Your instructions: With the pictures left out, transcribe exactly the lines from the one with "Pre-Loved Chanel™ 2016-17" through the end of the data.

START Information given

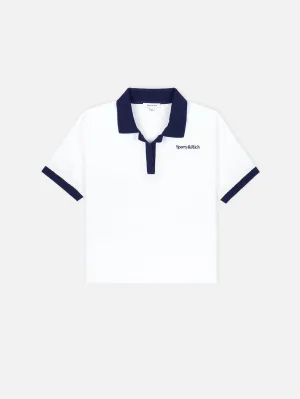 Serif Logo Terry Polo - White/Navy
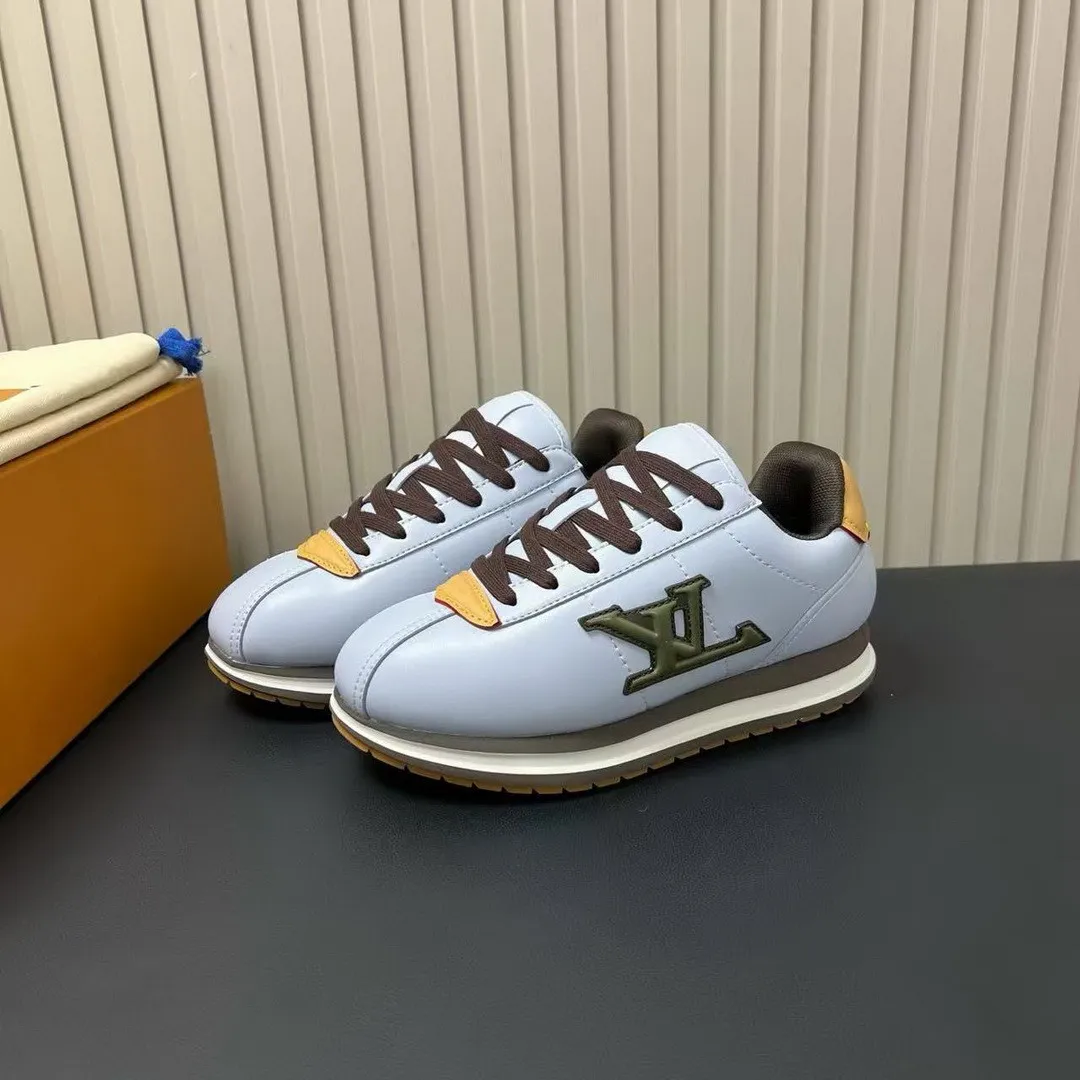 1AIWXK BUTTERSOFT Sneaker Blue Brown Lambskin Plain Calf Leather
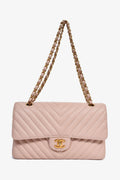 Pre-Loved Chanel™ 2016-17 Pink Calfskin Chevron Medium Double Flap Shoulder Bag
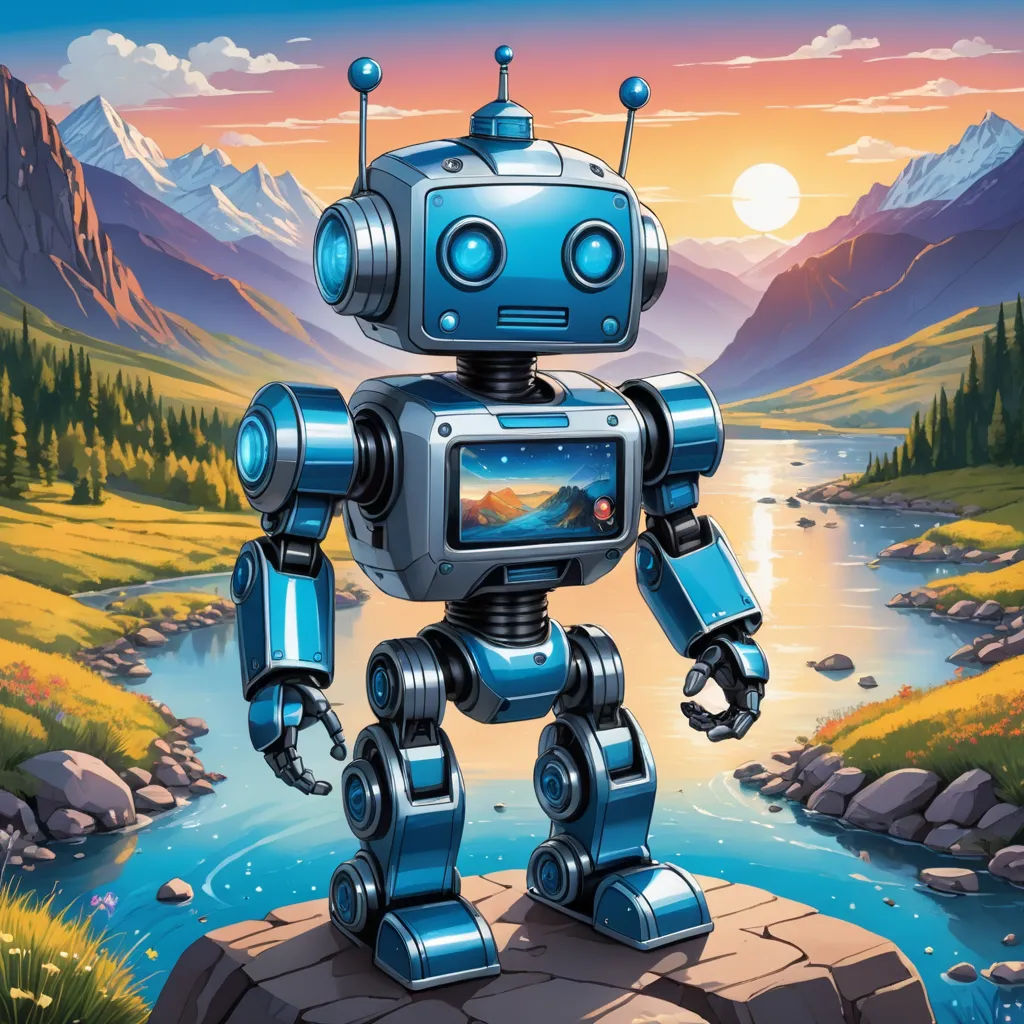 a robot standing on a rock in front of a river and mountains with a sunset in the background and a mountain range in the background, retrofuturism, computer graphics, Dan Mumford, robot
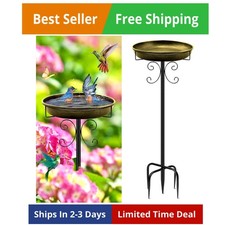 35In Metal Bird Bath for Outside, Vintage Bird Bath Bowl, Detachable Birdbath...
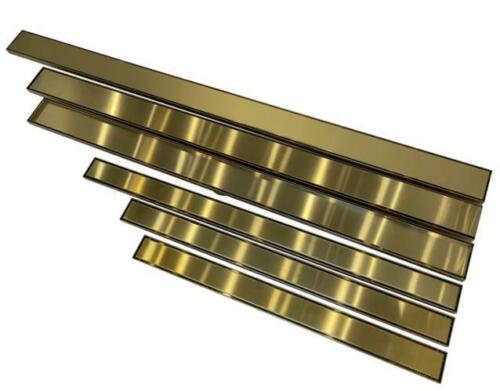 Brushed Gold PVD Stainless Steel Tile Insert 1500×110 Floor Waste Pane ...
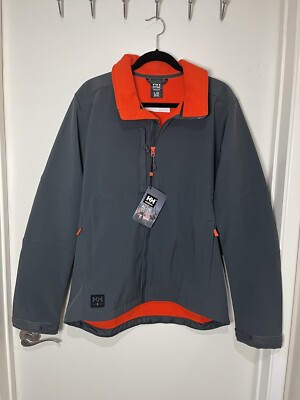 NWT Helly Hansen Kensington Softshell Jkt Mens SZ L Gray Full Zip Workwear LOGO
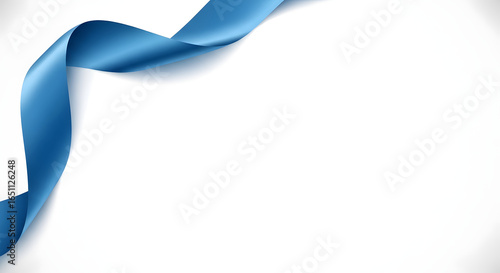 A single, flowing blue ribbon curves gracefully against a clean, bright white background, creating a sense of elegance.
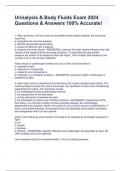 Urinalysis & Body Fluids Exam 2024 Questions & Answers 100&percnt; Accurate&excl;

END Information given

Response to this task:
 Pre-Loved Chanel™ 2016-17 Pink Calfskin Chevron Medium Double Flap Shoulder Bag
 a robot standing on a rock in front of a river and mountains with a sunset in the background and a mountain range in the background, retrofuturism, computer graphics, Dan Mumford, robot
 35In Metal Bird Bath for Outside, Vintage Bird Bath Bowl, Detachable Birdbath...
 Brushed Gold PVD Stainless Steel Tile Insert 1500×110 Floor Waste Pane ...
 NWT Helly Hansen Kensington Softshell Jkt Mens SZ L Gray Full Zip Workwear LOGO
 A single, flowing blue ribbon curves gracefully against a clean, bright white background, creating a sense of elegance.
 Urinalysis & Body Fluids Exam 2024 Questions & Answers 100&percnt; Accurate&excl;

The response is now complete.